On the 9th September 1513, a mighty Scottish army led by the then King James IV crossed the River Tweed at the town of Coldstream and entered England ruled by King Henry VIII. At that time Scotland was enjoying a period of growth, prosperity and educational advance with three universities already established (as opposed to two in the much larger England). James the IV was judged to be a good and wise King, the courts were working efficiently and life was peaceful enough between the highlands and the lowlands. There was a treaty of perpetual peace between the two nations.
Why James decided to invade England whilst King Henry VIII was in France besieging the French King is a subtle reflection. Ostensibly, the “auld alliance” between France and Scotland had demanded help for the besieged French King. No matter, in 1513 a superior Scottish army stood on the hillside of Flodden, just inside England, whilst the much smaller English Army of the North, under the Earl of Sussex, had hastened from Pontefract in Yorkshire, to do battle.
The Scots, though superior, used all the wrong tactics, got bogged down and were massacred. In a little over four hours 14,000 young Scots lay dead on the Floddenhillside.
On 9 and 10 September 2013 people gathered at Flodden again to remember, to be reconciled, to reflect on the futility of war, then – and, indeed now, with prayers about Syria and other places of conflict. I was present, with many members of the Northumbria Community, to keep that solemn remembrance and seek reconciliation. Wit my Scottish mother and English father, such moments are always poignant for me.

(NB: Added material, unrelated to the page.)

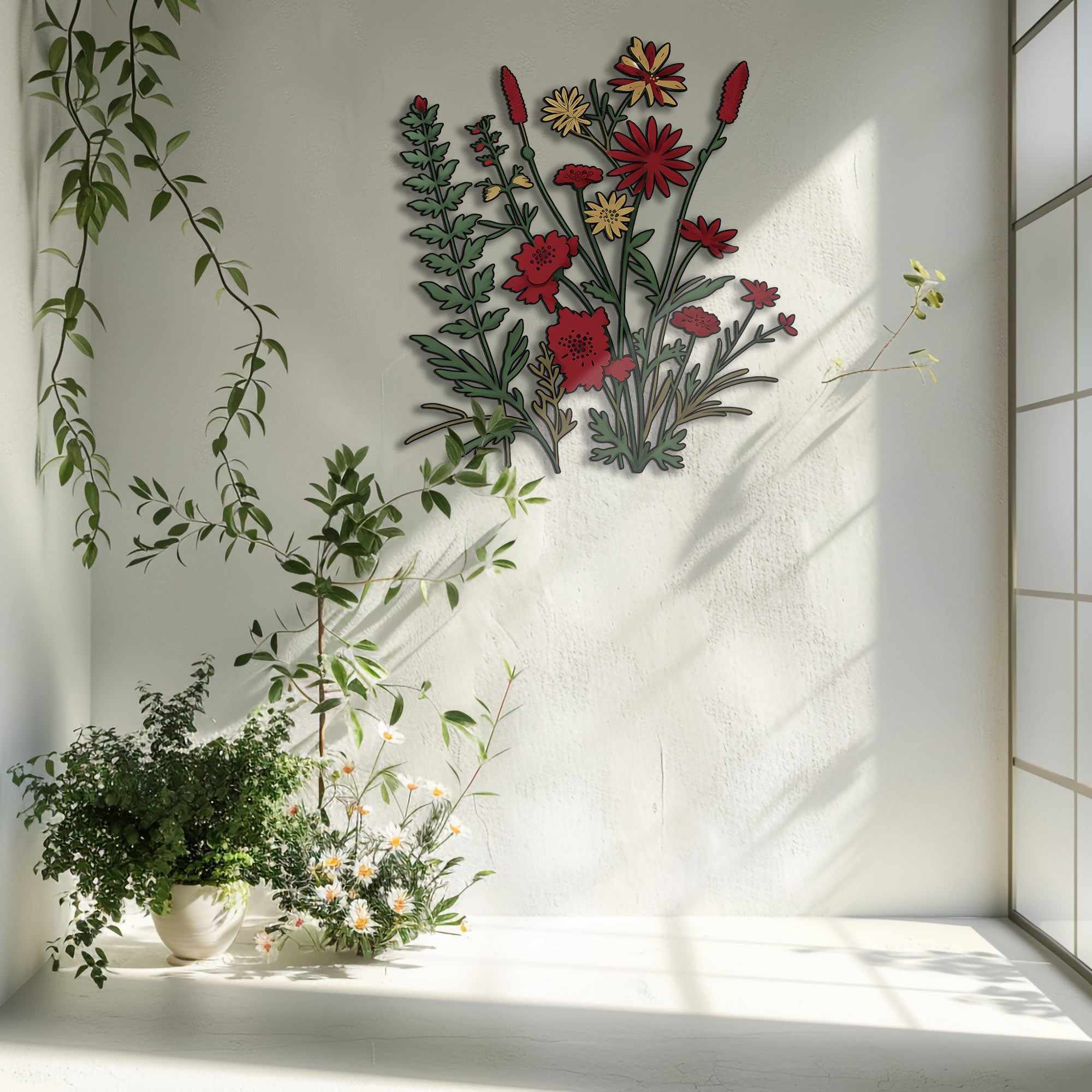 Wildflower Metal Wall Art – UV Printed Aluminum Botanical Floral Decor Indoor Outdoor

A Roman Catholic Requiem Mass was held in an Anglican Church almost straddling the border, in which the Moderator of the Church of Scotland (Presbyterian) led the prayers and Baptist, Anglican, Presbyterian and Catholic clergy from both countries processed together. One lesson was read by the Duke of Norfolk, Earl Marshal and premier Duke of England, whose ancestor, the Earl of Sussex, had won the victory and been rewarded by a delighted Henry VIII with the Dukedom. Another by Angus Hay, leader of the clan Hay, whose clan had joined the battle and been slaughtered. At the end of the moving Mass a lone piper played the lament “Fleurs of the Forest”, composed a long time ago in memory of the tragedy.
In the afternoon on the Battlefield itself, I had a small part to play. Dressed as a monk I carried a facsimile of the famous illustrated Lindisfarne Gospels into the ceremony and read the beatitudes, pausing before reading the words “blessed are the peacemakers”.
It was moving to see the descendants of those from both sides who had led the armies into battle present on one platform. The Duke of Norfolk (English) sat next to the Earl of Home (Scottish). The Dean of Durham next to the Moderator of the Church of Scotland. (A poignant fact was that the blessed standard of St Cuthbert had been taken into battle from its usual resting place in Durham Cathedral to help ensure an English victory).
The Solemn Remembrance focused on the terrible death and destruction of the day five hundred years ago, but in the symbolic acts, in the address by Lady Steele, in the intercessions led by the Northumbria Community another note was sounded of the Gospel message of Peace and Reconciliation, not only recalling the past, but urgently needed in the present in our world of conflict and violence in which far too many people still die in unnecessary wars.